Mathpressoが開発したAI数学学習アプリ「QANDA」は、このような環境で学習する学生にとって非常に有益なツールです。このアプリは、AI技術を活用して数学の問題を解析し、その解法を提供することができます。学生たちは、わからない問題をアプリに写真で撮影するだけで、数秒内にステップバイステップの解説を受けることが可能です。これにより、個々の疑問点をすぐに解決でき、効率的に学習を進めることができます。また、これにより、QANDAのデータベースに蓄積された膨大な量の学生の学習データに基づいて、質の高いカスタマイズ型学習、教育コンテンツの提供を受けることができます。日本国内では、2018年11月に日本語版QANDAのサービスが開始されました。わずか4カ月で教育分野で大きな影響を与え、現在では、日本国内での月間アクティブユーザー数は70万人、登録ユーザー数は460万人に達しています。

ー日本でAIベースのチュータリングサービスに対する需要は小学校、中学校、高校のうちどれが一番高いですか?

高校、中学、小学校の順で、高校の需要が高いです。小学校であれば、保護者に質問できますが、純粋に難易度が上がるため、高校の問題は保護者が答えられないものも増えてきます。そこで、QANDAが使われます。また、日本では時期によって利用率に変化があることが特徴です。日本は、期末試験の前になると集中して勉強をするという傾向が現れたりします。

ー日本進出の際に経験したことやエピソードがあれば教えてください。

QANDAが初めて海外に進出した地なので、進出前に、日本の学生が何をどのように勉強しているのか、深く理解するために日本のカリキュラムや教育内容を徹底的に調査し、日本語のQ&Aを含む検索データベースを構築しました。

また、Mathpressoは韓国から日本国内のマーケティング活動を行いましたが、マーケティングメッセージやアプリのローカライズは社内の翻訳者が行い、マーケティングと運用はすべてソウルオフィスで行いました。デジタル広告は、現地に行かなくてもキャンペーンができるため、非常に効果的でした。そして、ある程度ユーザー数が増えた後に、日本の大学や数学クラブなどに訪問して、学生さんと面接したり、日本の参考書などを集めて情報収集してきました。

韓国と日本は、教育制度や高等教育に対する社会の考え方が非常に似ています。両国とも、有名大学に入るために予備校や家庭教師による学習を選択することがごく一般的で、それが社会的流動性の強い推進力になっていると考えられています。さらに、数学という普遍性が日本の学生にも響いたのだと思います。

ー韓国では2025年からデジタル教科書を導入しようとしていますが、日本でもデジタル教科書に対する需要が高いですか?

富士キメラ総研の「教育DX/ICTソリューション市場総調査 2023」によると、2022年度のデジタル教科書の市場規模は前年同期比23.5%増の105億円となる見通しだということです。

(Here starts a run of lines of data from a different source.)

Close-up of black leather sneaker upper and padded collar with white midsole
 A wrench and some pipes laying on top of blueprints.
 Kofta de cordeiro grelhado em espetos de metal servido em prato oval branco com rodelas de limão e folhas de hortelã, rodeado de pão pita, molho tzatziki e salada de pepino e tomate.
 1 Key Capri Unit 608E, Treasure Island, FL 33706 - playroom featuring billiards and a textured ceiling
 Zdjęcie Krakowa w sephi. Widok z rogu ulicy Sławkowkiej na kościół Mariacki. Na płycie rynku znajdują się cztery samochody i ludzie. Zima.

文部科学省が2024年度以降にデジタル教科書の導入を本格化する方針で、同市場は2030年度には500億円に達する見込みだそうです。

ー日本のエドテック(EdTech)市場で競合相手があるとしたら、どのような企業でしょうか。

日本のエドテック市場は活発で、多様な企業が競合しています。QANDAのようなAIを活用した学習支援アプリは、特に数学教育分野でいくつかの競合他社と競い合っています。主要な競合企業やサービスには以下のようなものがあります。

△スタディサプリ(Study Sapuri) - リクルートが提供するこのサービスは、幅広い教科に対応したオンライン学習プラットフォームです。ビデオレッスンと問題演習が組み合わされており、特に受験生に人気があります。

△Try IT(トライイット) - このサービスは、動画学習と問題演習を提供しており、学生が自らのペースで学べる環境を提供しています。特に数学や理科に強いとされています。

△Atama Plus(アタマプラス) - AIを活用した個別最適化学習が特徴のオンライン学習サービスです。特に数学に強みを持ち、学生の理解度に応じて問題の難易度を調整します。

これらのプラットフォームは、それぞれ異なる特色や機能を持っており、QANDAと同様に日本の学生たちに数学や他の教科での学習支援を提供しています。QANDAがこれらの競合と差別化を図るには、AI技術のさらなる進化や、ユーザーエクスペリエンスの向上、独自の教育コンテンツの提供が鍵となるでしょう。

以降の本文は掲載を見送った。